A deleveraging campaign designed to pare back debt has sucked liquidity out of the local markets. And a crackdown on acquisitive firms such as Anbang Group has eliminated some of the more active traders and financiers, hampering some of the confidence of private sector investors in general and taking a toll on stock buying.
Is money starting to flow back to the US?
Bloomberg reported this week that global investors are exiting Chinese stocks at the fastest pace on record -– offloading an average of Rmb1.1 billion ($158 million) of A-shares a day via the Shanghai and Shenzhen share trading schemes with Hong Kong (known as the Connect).
Hong Kong Economic Times also reckons the contrasting performance in Chinese and American stocks illustrates that some of Trump’s policies might be working. One of these is his tax cuts, which hoped to encourage American firms to repatriate their foreign earnings and cash parked offshore.
The Bureau of Economic Analysis said in June that some $300 billion had returned from overseas bank accounts in that quarter. That would annnualise into $1.2 trillion of returning cash for the full year as compared with $35 billion in 2017.
Apple, one of the American firms to profit most from China in recent years, has signalled that it has plans to repatriate $285 billion in cash, for instance. Part of the cash pile will be used to repurchase its own shares.
Apple, of course, has also been caught up in the Trump rhetoric, with calls that it ‘reshore’ more of its manufacturing. Hence even as Apple’s share has soared to historic highs – making it the first ever $1 trillion firm in August – the stock prices of some of its key Chinese suppliers have plummeted.
AAC Technologies and Sunny Optical, two parts suppliers to Apple and previously star performers on the Hong Kong bourse, have both plunged nearly 60% since mid-March. The freefall has wiped out more than HK$200 billion ($25 billion) in the duo’s market value. Lens Technology, a Shenzhen-listed supplier of smartphone screens to Apple, has also seen its market cap fall close to 60% to Rmb31 billion ($4.5 billion) over the same period.
Other A-share firms generally favoured by foreign fund managers have also suffered. Take Kweichow Moutai. The maker of China’s most famous liquor has little exposure to the American market so it shouldn’t be a direct victim of the tariff row. Indeed, its share price had climbed to an historical high in January, making it the first Rmb1 trillion Chinese consumer brand. However, it has been caught up in the crossfire of the past few months, seeing its shares stumble nearly 30%, wounded by the broader sentiment relating to the trade war.

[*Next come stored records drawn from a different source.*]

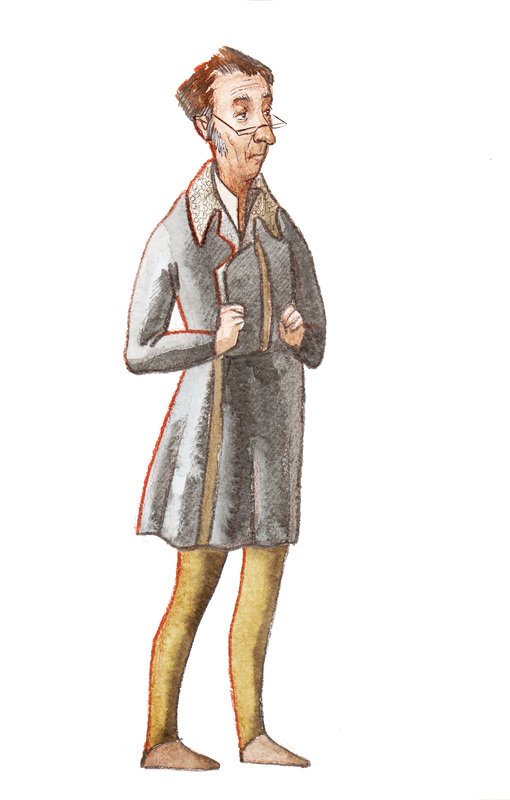 Characters. Анна Гантимурова иллюстратор, театральный видеохудожник мультипликатор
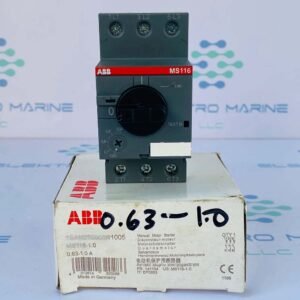 ABB MS116-1.0 (1SAM250000R1005) | Manual Motor Starter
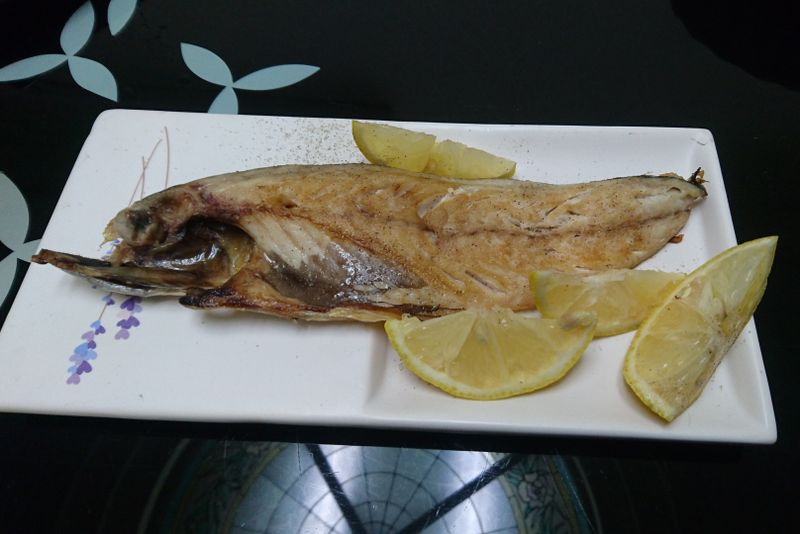 檸檬香煎靖魚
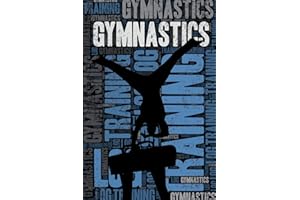 Mens Gymnastics Training Log and Diary: Mens Gymnastics Training Journal and Book For Male Gymnast and Coach - Mens Gymnastics Notebook Tracker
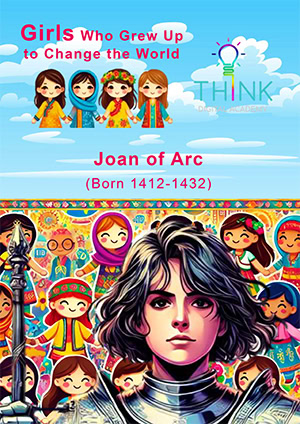 Book cover: Joan of Arc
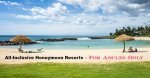 All-Inclusive Honeymoon Resorts for Adults Only 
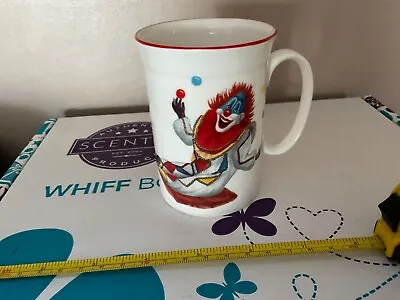 Buy Roy Kirkham  Big Top  Fine Bone China Tea Coffee Mug Jugling Clowns • 9.99£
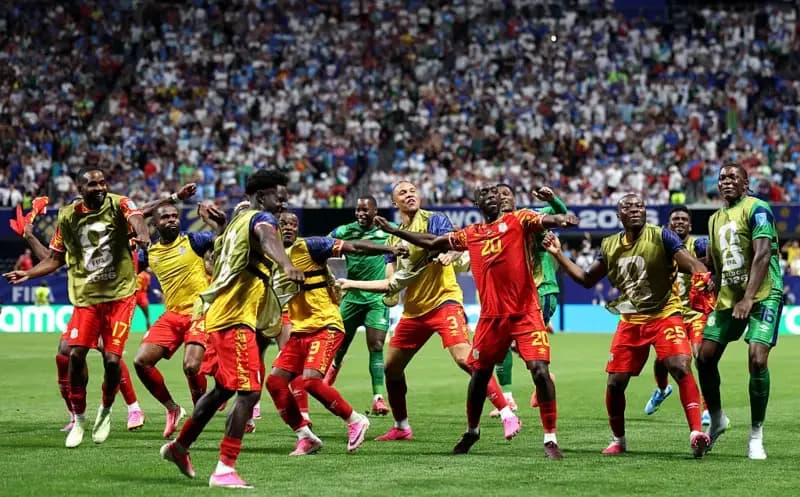 DR Congo Make World Cup History with Comeback Win to Set Up England Clash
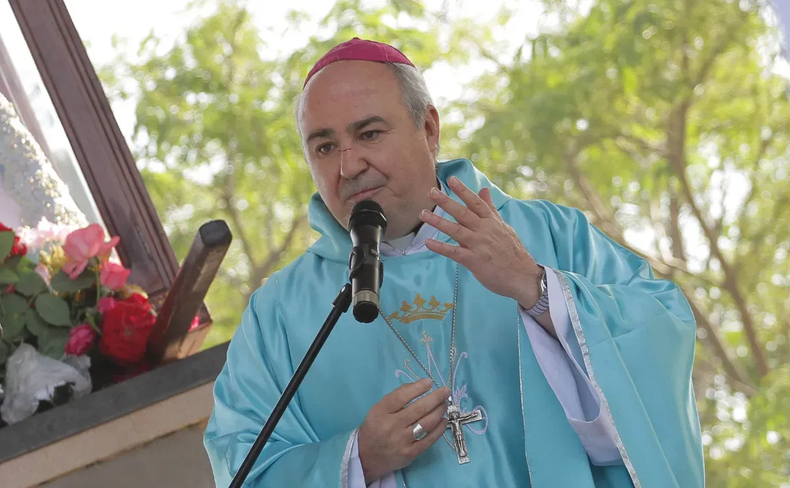 Obispo de Jujuy, monseñor César Daniel Fernández.
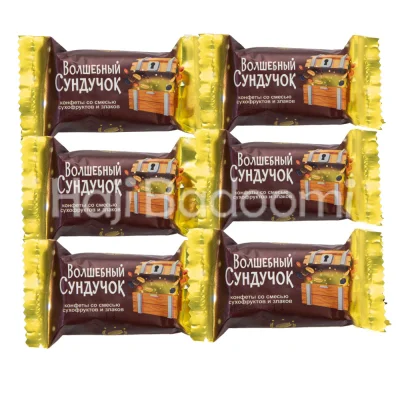 شکلات صندوق جادویی با مغز غلات و میوه خشک اولدوز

How about the foreign exchange market?
The value of all asset classes is ultimately tied to the currency that they are denominated in.
Here again, the relative performance of the renminbi and the greenback seems to point to global fund flows out of China and back towards the US. While the US dollar index, a gauge of the currency’s value versus its peers, is hovering just below its all-time high, its Chinese counterpart has dropped to its lowest point in nearly a decade.

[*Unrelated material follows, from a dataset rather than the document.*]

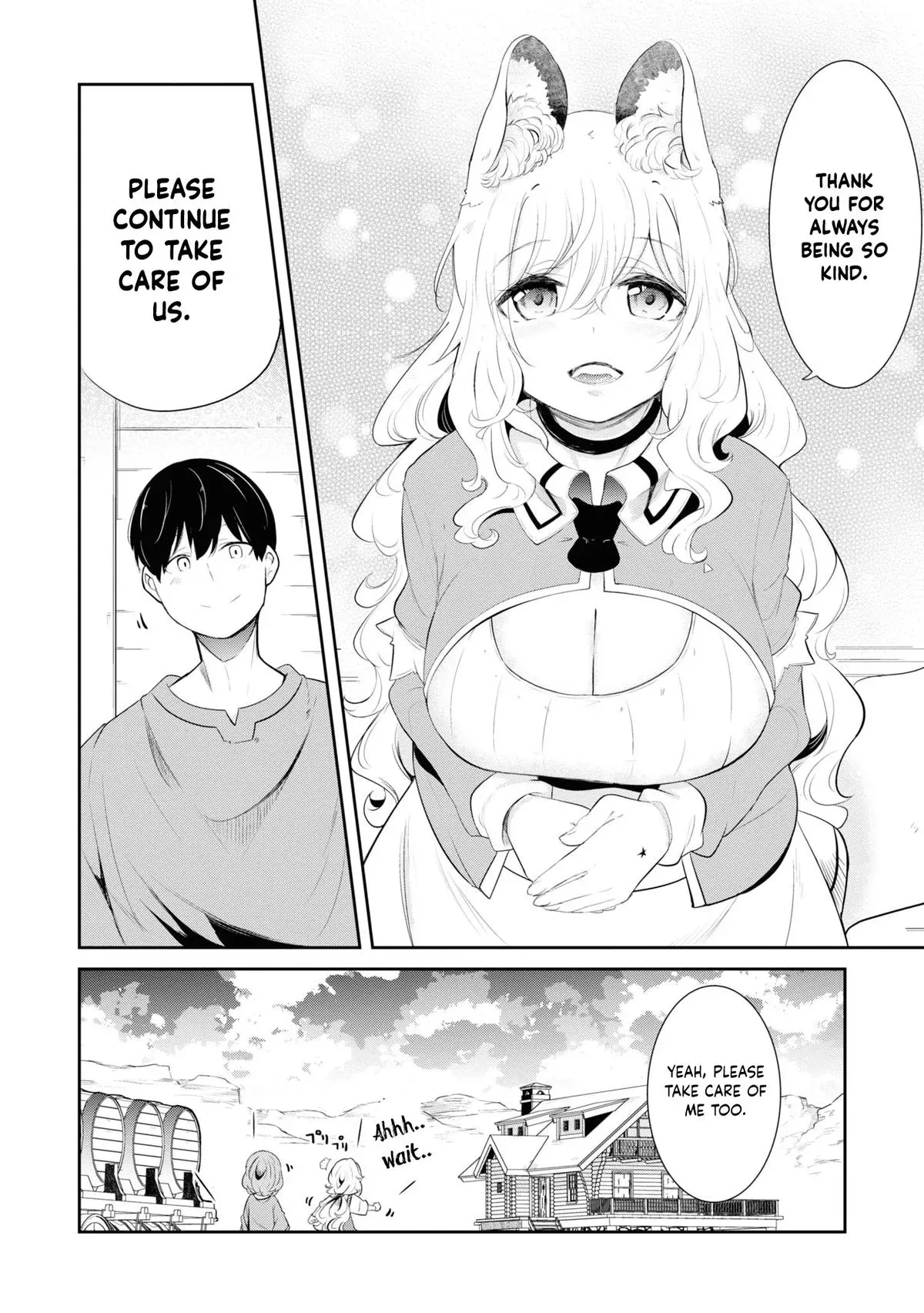 Seichou Cheat de Nandemo Dekiruyou ni Natta ga, Mushoku dake wa Yamerarenai you desu Chapter 63 page 54 -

The yuan’s onshore rate sank past 6.97 this week to the dollar, its weakest level since the 2008 global financial crisis.
Analysts are now watching whether the Chinese government will intervene more directly to stop the currency breaching the 7 yuan to the dollar psychological barrier (it has slid 9% since the beginning of the year).
There is monetary logic to some of the currency’s decline. While the Federal Reserve has raised interest rates three times so far this year, the People’s Bank of China has pushed for looser conditions, cutting lenders reserve requirement ratios three times. The latest easing by the central bank came in mid-October and helped to release more than Rmb1.2 trillion of liquidity into the banking system. While the PBoC insisted that the move did not represent a change to its “prudent” monetary policy, market watchers have come to conclude that more easing could follow as Beijing frets further about the trade war’s impact on domestic growth.
China’s leaders seem to be viewing their stockmarkets as a proxy for countering the claims that Trump is winning the early battles in the trade row. That’s why financial regulators have been falling over themselves to talk up the prospects for the Chinese bourses in recent weeks. The chairman of the China Securities Regulatory Commission (CSRC) Liu Shiyu, for one, made a “surprise inspection” tour of a trading floor at a domestic brokerage last month. According to state media outlets, Liu also tried to gee up retail investors by proclaiming that “springtime was not far off” (a Game of Thrones-like remark, hinting that a major campaign of coordinated buying could be on its way.)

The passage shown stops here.